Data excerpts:
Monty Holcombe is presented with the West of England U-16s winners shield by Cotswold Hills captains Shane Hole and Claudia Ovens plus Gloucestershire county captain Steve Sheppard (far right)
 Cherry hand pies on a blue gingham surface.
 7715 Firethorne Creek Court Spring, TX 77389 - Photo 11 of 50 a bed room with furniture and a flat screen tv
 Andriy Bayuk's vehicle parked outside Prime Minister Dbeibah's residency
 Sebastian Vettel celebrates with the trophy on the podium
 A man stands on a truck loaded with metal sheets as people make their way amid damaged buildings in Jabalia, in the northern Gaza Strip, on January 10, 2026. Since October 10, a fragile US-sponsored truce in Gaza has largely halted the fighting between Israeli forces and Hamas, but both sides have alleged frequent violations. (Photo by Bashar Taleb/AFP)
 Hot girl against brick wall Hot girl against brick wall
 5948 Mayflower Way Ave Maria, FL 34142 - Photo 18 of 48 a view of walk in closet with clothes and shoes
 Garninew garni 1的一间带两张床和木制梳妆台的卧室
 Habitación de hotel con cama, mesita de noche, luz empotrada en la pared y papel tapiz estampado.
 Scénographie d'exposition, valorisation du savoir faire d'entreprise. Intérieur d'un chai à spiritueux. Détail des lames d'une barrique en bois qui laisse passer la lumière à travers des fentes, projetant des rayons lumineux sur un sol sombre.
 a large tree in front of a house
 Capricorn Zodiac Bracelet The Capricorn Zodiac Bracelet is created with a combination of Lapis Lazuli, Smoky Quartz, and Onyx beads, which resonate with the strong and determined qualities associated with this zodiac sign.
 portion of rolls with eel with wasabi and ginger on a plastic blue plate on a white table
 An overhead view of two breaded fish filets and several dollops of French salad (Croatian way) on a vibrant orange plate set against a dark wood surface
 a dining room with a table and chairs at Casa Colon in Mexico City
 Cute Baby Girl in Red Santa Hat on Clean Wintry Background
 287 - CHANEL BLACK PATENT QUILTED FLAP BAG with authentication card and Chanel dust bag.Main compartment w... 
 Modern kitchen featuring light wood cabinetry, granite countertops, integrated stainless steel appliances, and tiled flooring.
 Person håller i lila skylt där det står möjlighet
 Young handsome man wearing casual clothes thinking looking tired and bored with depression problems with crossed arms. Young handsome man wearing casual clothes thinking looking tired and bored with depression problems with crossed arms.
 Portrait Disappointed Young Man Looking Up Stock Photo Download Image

§ Task instructions:
Working through the records above, copy each one exactly.

§ Answer box:
Monty Holcombe is presented with the West of England U-16s winners shield by Cotswold Hills captains Shane Hole and Claudia Ovens plus Gloucestershire county captain Steve Sheppard (far right)
 Cherry hand pies on a blue gingham surface.
 7715 Firethorne Creek Court Spring, TX 77389 - Photo 11 of 50 a bed room with furniture and a flat screen tv
 Andriy Bayuk's vehicle parked outside Prime Minister Dbeibah's residency
 Sebastian Vettel celebrates with the trophy on the podium
 A man stands on a truck loaded with metal sheets as people make their way amid damaged buildings in Jabalia, in the northern Gaza Strip, on January 10, 2026. Since October 10, a fragile US-sponsored truce in Gaza has largely halted the fighting between Israeli forces and Hamas, but both sides have alleged frequent violations. (Photo by Bashar Taleb/AFP)
 Hot girl against brick wall Hot girl against brick wall
 5948 Mayflower Way Ave Maria, FL 34142 - Photo 18 of 48 a view of walk in closet with clothes and shoes
 Garninew garni 1的一间带两张床和木制梳妆台的卧室
 Habitación de hotel con cama, mesita de noche, luz empotrada en la pared y papel tapiz estampado.
 Scénographie d'exposition, valorisation du savoir faire d'entreprise. Intérieur d'un chai à spiritueux. Détail des lames d'une barrique en bois qui laisse passer la lumière à travers des fentes, projetant des rayons lumineux sur un sol sombre.
 a large tree in front of a house
 Capricorn Zodiac Bracelet The Capricorn Zodiac Bracelet is created with a combination of Lapis Lazuli, Smoky Quartz, and Onyx beads, which resonate with the strong and determined qualities associated with this zodiac sign.
 portion of rolls with eel with wasabi and ginger on a plastic blue plate on a white table
 An overhead view of two breaded fish filets and several dollops of French salad (Croatian way) on a vibrant orange plate set against a dark wood surface
 a dining room with a table and chairs at Casa Colon in Mexico City
 Cute Baby Girl in Red Santa Hat on Clean Wintry Background
 287 - CHANEL BLACK PATENT QUILTED FLAP BAG with authentication card and Chanel dust bag.Main compartment w... 
 Modern kitchen featuring light wood cabinetry, granite countertops, integrated stainless steel appliances, and tiled flooring.
 Person håller i lila skylt där det står möjlighet
 Young handsome man wearing casual clothes thinking looking tired and bored with depression problems with crossed arms. Young handsome man wearing casual clothes thinking looking tired and bored with depression problems with crossed arms.
 Portrait Disappointed Young Man Looking Up Stock Photo Download Image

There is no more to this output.